Description of the task: In the material below, find the line containing "Christmas Tree Decoration" and output it and all lines after it exactly, through the last one, without the pictures.

Supplied data:
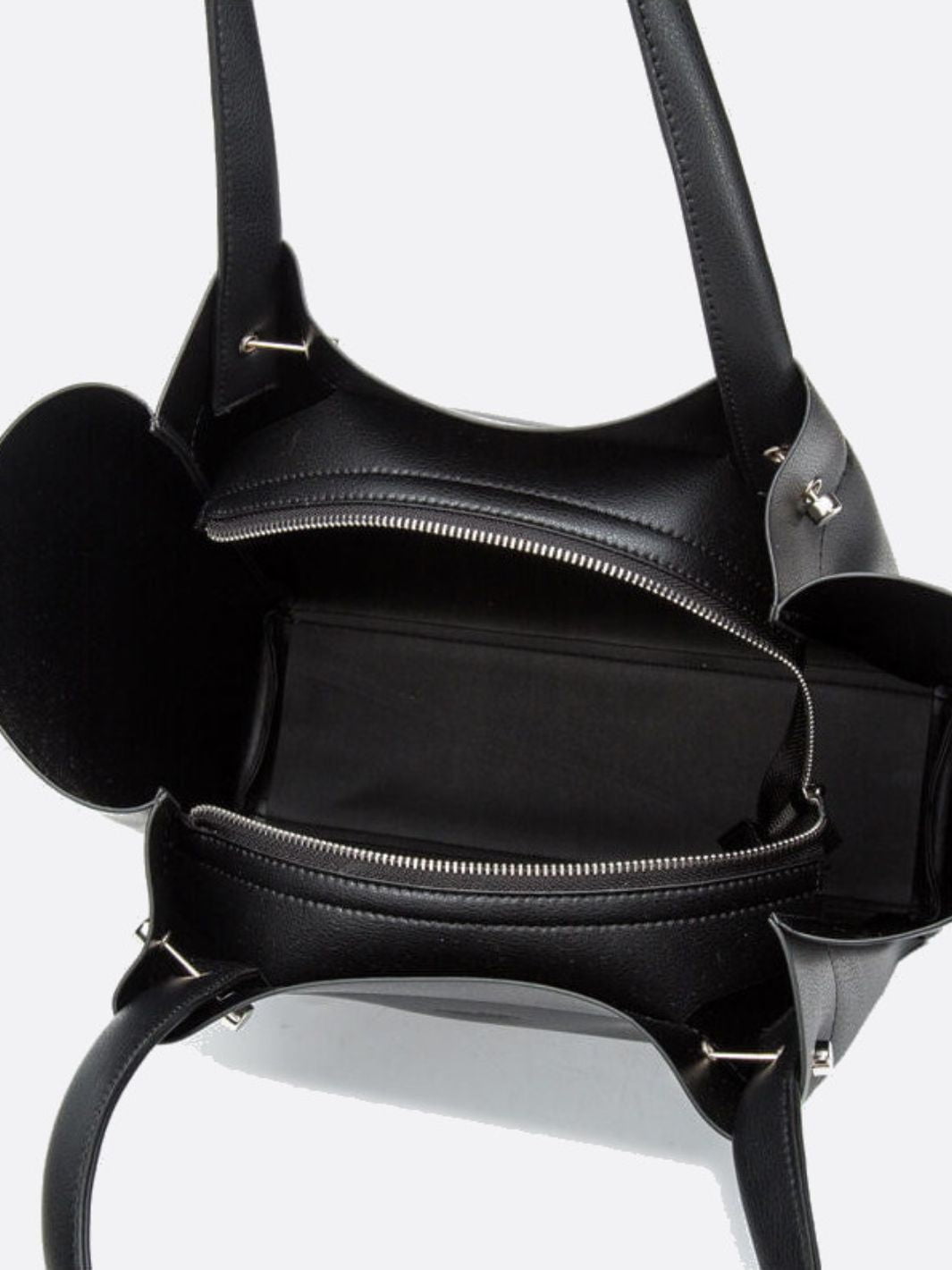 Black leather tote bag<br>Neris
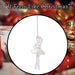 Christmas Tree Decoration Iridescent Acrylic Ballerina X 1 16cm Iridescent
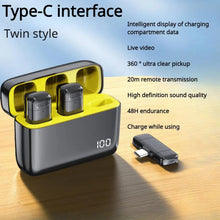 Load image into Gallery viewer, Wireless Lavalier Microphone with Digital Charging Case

Response:
 Christmas Tree Decoration Iridescent Acrylic Ballerina X 1 16cm Iridescent
 Load image into Gallery viewer, Wireless Lavalier Microphone with Digital Charging Case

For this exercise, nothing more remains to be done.